相手に感謝やねぎらいの気持ちを伝えたい場合に「わざわざ○○○○○」と、感謝の気持ちとともに表現することがあります。しかし、使い方を間違えると相手を不快にさせてしまい失礼な印象を与えることもあるため注意は必要です。「わざわざ」の使い方や言い換え表現を解説いたします。
「わざわざ」の意味
「わざわざ」は、「特にそのためだけに行う」という肯定的な意味と、「 しなくてもよいことをする」という否定的な意味があります。
「わざわざ」は「態々し(わざわざし)」という古語が語源で、「わざとらしい」というネガティブな意味で使われてきたのため、文脈や相手との関係性、場の雰囲気や使い方によって、嫌味や皮肉に受け取られることもあるため注意が必要です。
「わざわざ」の使い方
「わざわざ」は敬語ではありませんが、「わざわざ ありがとうございます」や「わざわざ お越しいただきありがとうございます」など、相手への感謝の気持ちとともに丁寧な敬語と組み合わせることで、ビジネスシーンで使える言葉です。
しかし「わざわざ」は否定的なネガティブな意味もあるため、言葉遣いを工夫して伝えても心配な場合は使わないという考え方もあります。
相手の行動に感謝を伝えるときや、相手に謝罪・恐縮するときの「わざわざ」の使い方について、例文を交えて紹介します。
● 相手の行動に “ 感謝 ” を伝えるとき
相手に何かしてくれたことに対して「わざわざ」と添えることで、相手の労力や配慮に対して、感謝の気持ちを感謝の気持ちを伝えられます。これらの表現は、その行動への感謝の気持ちを強調することができ、相手の行動が特別であることを強調します。
感謝や労いの気持ちを伝える際には、ポジティブな表現を選びましょう。さらに、「おかげさまで、◯◯できました」のように近況を添えると、よりポジティブに感謝の気持ちが伝えられます。
〈 例文 〉
▢ お忙しい中、わざわざ お時間をつくってくださり、ありがとうございます
▢ 遠いところまで、わざわざ お越しいただき、ありがとうございます
▢ 本日はお足元が悪いなか、わざわざ ご足労くださりありがとうございました
● 相手の行動に “ 謝罪 ” を伝えるとき
「わざわざ」は、相手がしてくれたことに対して謝罪や恐縮するときにも使うことができます。「わざわざ」と添えることで、相手の労力に対する配慮と、自分の行動による不便を強調することができます。
〈 例文 〉
▢ わざわざ ご足労いただいたにも関わらず、不在にしており申し訳ありません
▢ わざわざ お声がけいただいたのに、都合がつかずにすみません
「わざわざ」を使うときの注意点
自分の行動に対して使ったり、相手の動作に対して否定的に使わないように注意しましょう。

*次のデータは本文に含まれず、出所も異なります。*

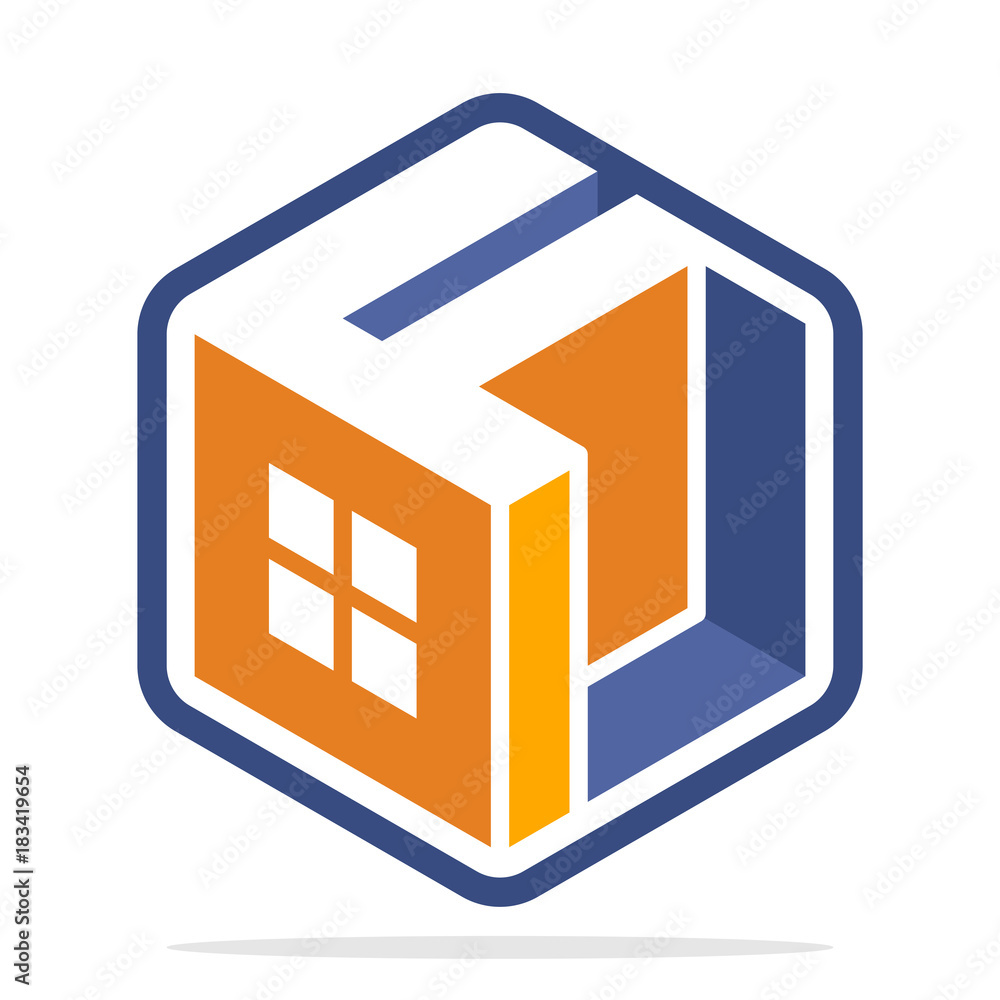 hexagon-shaped logo with isometric style and the initial letter F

「わざわざ」を自分の行動に対してを使ってしまうと、自分の行動を過度に強調し「面倒だった」や「やってあげた」というような、上から目線や恩着せがましい印象を与えてしまう可能性や、相手に対して不快な印象を与える可能性もあるため、なるべく使わないようにしましょう。
また、「わざわざ お越しいただく必要はございません」や「わざわざ ○○をご準備いただかなくても結構です」など、「わざわざ」を相手の動作に対して否定的に使ってしまうと、丁寧な敬語でも相手の行為を迷惑に感じているかのようにに聞こえてしまいます。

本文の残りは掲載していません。